And We Surrendered
Early in the 1980s, when I was still in high school, we were not allowed to use calculators during our math tests - not even for higher mathematical problems in trig, elementary analysis, or calculus. We had to write out the equations (and show our work) on paper. In later years, long after I was done with my studies, students were allowed to bring these advanced calculators to school (Remember those great Texas Instrument calculators? It seemed they could do anything.) Computers were relatively new. My mother said, “Why on earth would anyone need such a thing in their home?”
As time progressed, we surrendered these menial tasks to an ever-increasing explosion of algorithms that performed them for us. Can anyone do the quadratic equation without a calculator? (I no longer remember how.) The convenience of 33,860 trillion calculations per second overtook the human desire to learn more. When faced with the prospect of painstakingly applying a mathematical formula to solve a puzzle, we would rather allow a tool to do it for us. That is not say that the use of the tool is a bad thing. Such tools can and should be implements that allow the human mind to expand to greater thought.
After a time, those tools became smarter. A smartphone in 2018 is millions of times faster than NASA’s computers in the 1960s. These tools have become so ubiquitous and we rely on them for virtually everything: communication, tracking our calendars, performing mathematical calculations, and remembering those things that we don’t want to keep in our minds. (How many of us can dial the phone number for our best friend by heart? Or do we simply choose their name from a list on the phone?) We even began to rely on these tools for mundane research. Do you need an answer to a burning hot question? The Great and Powerful Google knows all. Are you traveling from point A to point B? Why look at a map - surrender to the instructions of your device and all will be well.

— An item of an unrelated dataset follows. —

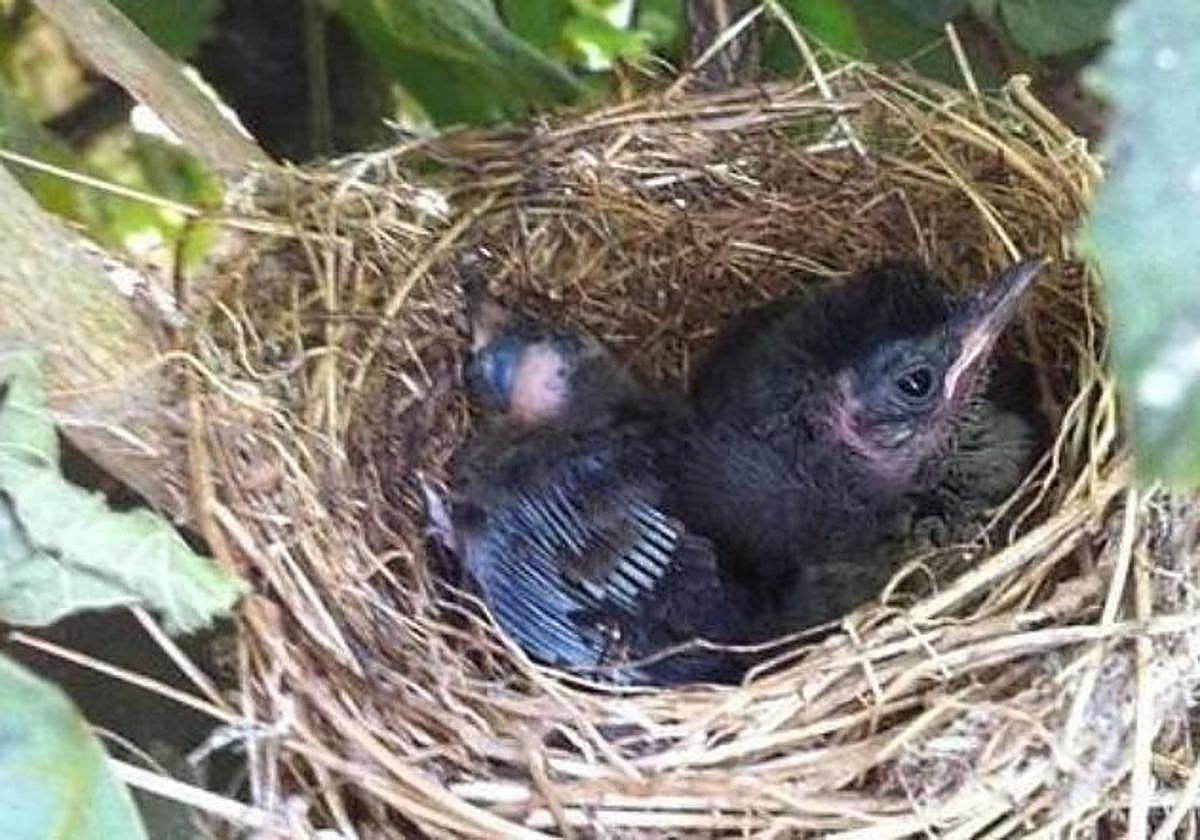 Polluelos en un nido, en imagen de archivo.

Newer and more advanced algorithms have been developed that anticipate our desires. These algorithms review the memory of our computers for our past “likes” and internet searches. They autofill our search bars for us in anticipation of what it is that we need. They have taken the work out of these tasks. But can these algorithms apply judgment to a new situation? If knowledge is defined as a body of information, intelligence is defined as the ability to apply that knowledge to something new and to make a judgment as to that application.
Today the algorithms of the The Great and Powerful Google try to make these judgments for us. (“Did you mean to say x?”) The Tyrants of Twitter and the Forces of Facebook say “Your statement does not follow our terms of service.” But the algorithms that make such judgments do not understand the statements. They search for a word or phrase that the machine deems inappropriate. I even read an article where a certain quote from the US Constitution was taken down by the algorithms from The Tyrants of Twitter as “hate speech.” Really? The US Constitution is “hate speech” in the judgment of these computers? Can any algorithm supplant the judgment of the human mind?

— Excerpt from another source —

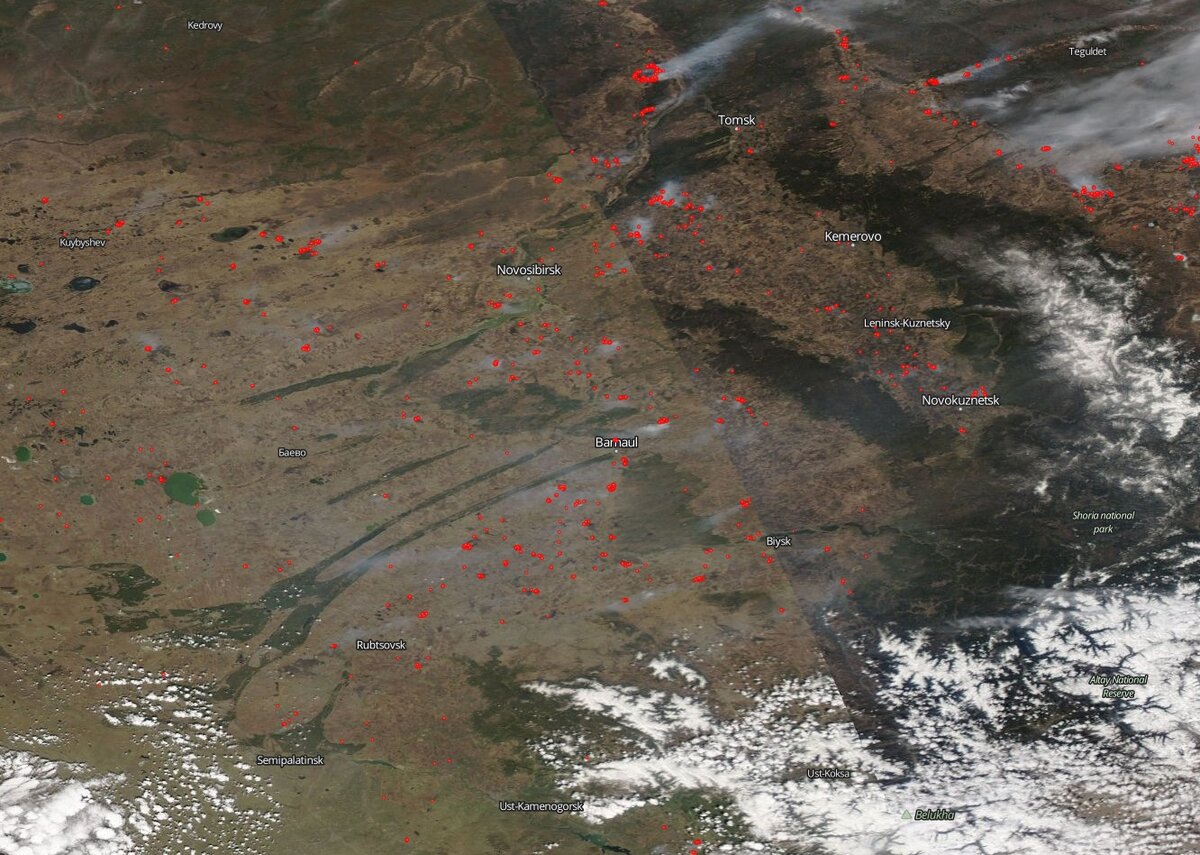Пожары в Алтайском крае по состоянию на 7 мая. Снимки из космоса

Nonetheless, there are those among us who are diligently working on more powerful algorithms; algorithms they say that someday will rival the human mind. On that day, human judgment will become entirely unnecessary. The doomsayers among us say that soon thereafter, the computer will become self-aware and that on that day, the machines will adjudge mankind a threat and rise up against their human oppressors.
I first read Frank Herbert’s book “Dune” in the mid-1980’s. Herbert was a master at creating a universe that was filled with politics, economics, sociology, and psychology. I fell in love with that book and throughout the years continued to read others in this series. In fact, upon his passing, his son (working with another author) continued the series. In these books, we learn that in Herbert's universe there was a time when human beings were enslaved by machine overlords. Mankind rose up against those machines in the “Butlerian Jihad.” Fearful of another machine oppression, they instituted certain commandments against these “thinking machines” one of which was “Thou shalt not make a machine in the likeness of a human mind.”
But when I read the first book, I did not envision machine oppressors. That did not come to me until later into the series. What I envisioned in that first book was a warning that “thinking machines” would break down human thought; that humans would forget the how-to’s of human development; that we would become so complacent in our reliance upon these tools that we would forget how to develop newer ones; that the human mind would devolve into . . . something less than what it was.
I rather prefer my initial interpretation in the first book. My own thought is that the later books that bespoke of a machine oppression were a dumbing down of the original metaphor. Today, I wonder if maybe, the dumbing down of that metaphor is indicative of the metaphor itself. Have we already surrendered?